O papagaio brasileiro fez sua estreia em “Saludos Amigos” (1942), ao lado do já famoso Pato Donald. Dois anos depois, no longa “Você Já Foi à Bahia?”, os dois circularam por paisagens tropicais, dançaram samba e tomaram cachaça em cenários brasileiros.
A animação, parte da “política de boa vizinhança”, serviu como instrumento de soft power para aproximar americanos e brasileiros. Poucos meses depois, o Brasil se aliava formalmente aos Aliados, enviando tropas à Itália e participando, após a vitória, da fundação da Organização das Nações Unidas. Assim se formava a tríade pan-americana do soft power animado: México, Brasil e Estados Unidos, os três unidos pela diplomacia e pela cultura.

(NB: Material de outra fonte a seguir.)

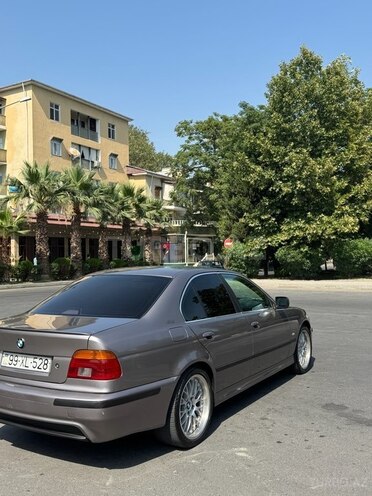BMW 528 1997, 281,000 km - 2.8 л - Mingəçevir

Essa fase marcou um dos pontos altos da nossa relação. Brasil e Estados Unidos da América atuaram juntos na construção de uma ordem mundial baseada em cooperação democrática e instituições multilaterais. O contraste com o que viria a seguir revela a importância daquele gesto simbólico. Em 1964, no auge da Guerra Fria, os Estados Unidos da América apoiaram diretamente o golpe militar no Brasil. A operação Brother Sam preparou navios de guerra para intervir em apoio aos conspiradores e golpistas. Não foi necessário disparar um tiro, porém o sinal de ingerência foi inequívoco. Assim ruiu o espírito da boa vizinhança, substituído por autoritarismo e desconfiança.
A reconciliação viria apenas nos anos 1990, com Bill Clinton e Fernando Henrique Cardoso. Ambos enxergavam a democracia como projeto internacional e a moderação como valor estratégico. FHC foi recebido na Casa Branca como parceiro, não como subordinado. Clinton o definiu como “lutador pela democracia”, e juntos celebraram a convergência entre as duas maiores democracias do continente. No Brasil, o presidente americano trocou o saxofone por uma bola de futebol. A agenda era diversa: comércio, direitos humanos, integração hemisférica e meio ambiente. Nenhum tema era imposto. Essa relação respeitosa reabilitou o espírito de cooperação e sepultou, ao menos por um tempo, o velho fantasma da intervenção. O mesmo aconteceu, na sequência, com Lula e Obama.
Hoje, em tempos de instabilidade e populismo, essa história oferece lições valiosas. Tanto Brasil quanto os Estados Unidos da América enfrentaram ataques às suas instituições democráticas. A invasão do Capitólio, em Washington, em 6 de janeiro de 2021, e os atos golpistas de 8 de janeiro de 2023 em Brasília mostram que democracias não são imunes ao delírio autoritário. Em vez de fortalecer laços, figuras como Donald Trump preferem a desinformação, o isolamento e a retórica hostil. O presidente americano não entendeu o que o Pato Donald já sabia: diplomacia se faz com afeto, cultura e respeito.
Líderes passam. O que permanece são os símbolos. Pato Donald e Zé Carioca sobreviveram aos ciclos eleitorais, às ditaduras e às guerras. Continuam sendo ícones de uma ideia: a de que é possível dialogar com leveza sem perder a firmeza, defender a democracia sem arrogância e construir pontes sem ameaças. Essa é a lição que o personagem animado pode oferecer ao político inflamado. Se Donald Trump quiser mesmo fortalecer a presença global americana, talvez precise começar ouvindo seu homônimo de bico laranja.
A verdadeira grandeza não está na imposição, e sim na inspiração. E há mais sabedoria na criação do Zé Carioca do que em muitos discursos diplomáticos. Donald Trump, você já foi à Bahia? Não? Então vá!